Recover the source set after a crash or accidental close
The recurring writer problem is not saving the tabs, it is getting the right research set back later. Chrome's address bar reopens recent tabs and history, not the source groups you archived after switching to another piece. Tabwell's restore brings back a whole snapshot with its groups intact, and Pro's full-text search reaches across every saved snapshot so one keyword finds an article you closed weeks ago. The guide on restoring Chrome tabs after a crash walks the restore flow, the guide on recovering closed tabs in Chrome covers the accidental-close case, and the guide on saving tab groups in Chrome covers capturing a group's colour and collapsed state. This page does not re-teach those steps; it shows why they matter when each group is an article's research in flight.
Free vs Pro for a writing workload
Every install from the Chrome Web Store starts with a 14-day Pro trial, no credit card. After it, the Free tier keeps your latest 5 snapshots with manual save and restore, JSON export for backup, and a 60-minute auto-snapshot. A writer juggling research for several articles usually wants more history than five snapshots, plus a way to search them: Pro lifts the cap to unlimited, adds full-text search across every saved tab's title and URL, and tightens the auto-snapshot to every 5 minutes. Pricing is $3.99/month, $29/year, $59 one-time, or $19 one-time for the first 1,000 Founders buyers, with a 30-day refund.
FAQ
Do my coloured tab groups survive a restore?
Yes. A snapshot stores each tab's group assignment with the group name, colour, and collapsed state, read through the chrome.tabGroups API. On restore Tabwell rebuilds those groups rather than dropping every source into a flat list, so a per-article research group comes back in its original colour and collapsed. This is the difference from Chrome's native reopen, which forgets group membership.
Can I reopen the exact source set for an article days later?
Yes. Save the article's window as a snapshot and restore it whenever you return to the draft; Tabwell recreates every tab's title and URL in its original window layout and rebuilds the tab groups. The thirty sources, interview transcripts, and citation tabs come back together as the group you built, not as a flat strip you have to re-sort.
What happens to my research if Chrome crashes mid-draft?

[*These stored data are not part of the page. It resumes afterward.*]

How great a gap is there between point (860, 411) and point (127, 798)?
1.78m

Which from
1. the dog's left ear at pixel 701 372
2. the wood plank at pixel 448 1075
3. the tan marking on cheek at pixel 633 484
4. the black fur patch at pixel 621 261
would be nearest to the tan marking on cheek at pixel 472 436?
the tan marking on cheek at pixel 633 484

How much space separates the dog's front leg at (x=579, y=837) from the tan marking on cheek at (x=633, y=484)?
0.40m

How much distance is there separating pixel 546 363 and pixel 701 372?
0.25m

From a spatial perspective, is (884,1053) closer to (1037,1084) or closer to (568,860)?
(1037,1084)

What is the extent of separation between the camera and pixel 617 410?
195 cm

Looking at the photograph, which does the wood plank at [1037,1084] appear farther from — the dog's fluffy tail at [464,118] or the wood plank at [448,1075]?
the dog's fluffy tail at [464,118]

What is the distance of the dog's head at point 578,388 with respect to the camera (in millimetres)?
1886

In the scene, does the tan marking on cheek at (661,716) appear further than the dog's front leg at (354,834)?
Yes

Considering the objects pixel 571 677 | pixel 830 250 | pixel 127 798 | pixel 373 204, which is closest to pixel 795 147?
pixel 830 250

Tabwell auto-snapshots the open window on a timer and again when the browser exits, so the source set is already saved when a crash or accidental window close hits. The Free tier auto-snapshots every 60 minutes and keeps the latest 5; Pro auto-snapshots every 5 minutes and keeps unlimited snapshots, so even a recent burst of new sources is captured.

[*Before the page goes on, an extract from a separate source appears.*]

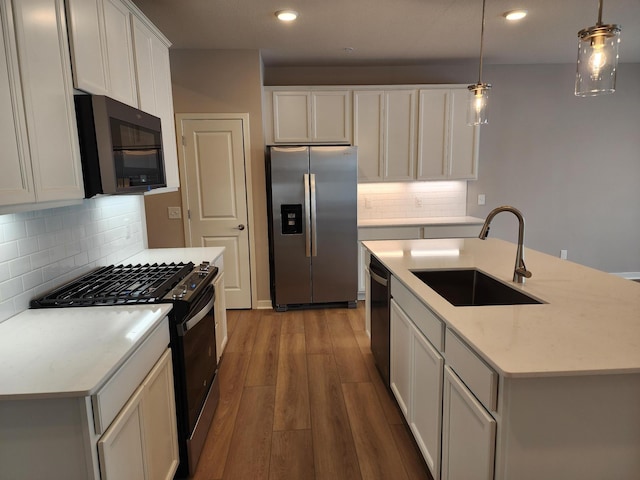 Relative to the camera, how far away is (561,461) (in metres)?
1.17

Can I find a saved article's sources from weeks ago by keyword?
Yes, with Pro. Tabwell indexes the title and URL of every saved tab for full-text search, so an author name, publication, or topic matches the snapshot that held that article's research. It is a literal substring match over titles and URLs, not a search of page contents, and the tab does not need to be open. On the Free tier only the latest 5 snapshots are kept and search is not included.
Where are my saved sessions stored, and do they leave my device?

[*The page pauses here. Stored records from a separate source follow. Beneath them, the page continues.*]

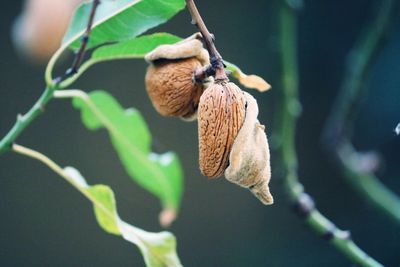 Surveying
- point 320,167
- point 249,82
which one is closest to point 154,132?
point 320,167

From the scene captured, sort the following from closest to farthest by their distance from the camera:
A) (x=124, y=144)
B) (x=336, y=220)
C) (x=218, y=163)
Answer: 1. (x=218, y=163)
2. (x=124, y=144)
3. (x=336, y=220)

Snapshots are stored locally in IndexedDB on your device via dexie. Tab URLs and titles never leave the device; the only network call is to Polar for license verification, which carries no tab data. There is no account or email required to use the extension.
Is full-text search free, and what does Pro cost?
Full-text search and unlimited snapshots are Pro features, available during the 14-day trial every install starts with. After the trial the Free tier keeps the latest 5 snapshots with manual save, restore, and JSON export. Pro is $3.99/month, $29/year, $59 one-time, or $19 one-time for the first 1,000 Founders buyers, with a 30-day refund.
Does Tabwell require Chrome 114 or later?
Yes. Chrome 114 is the minimum supported version because Tabwell uses the chrome.sidePanel API introduced there, alongside chrome.tabs and chrome.tabGroups. Edge and other Chromium browsers may work but are not officially supported. Firefox and Safari are not supported.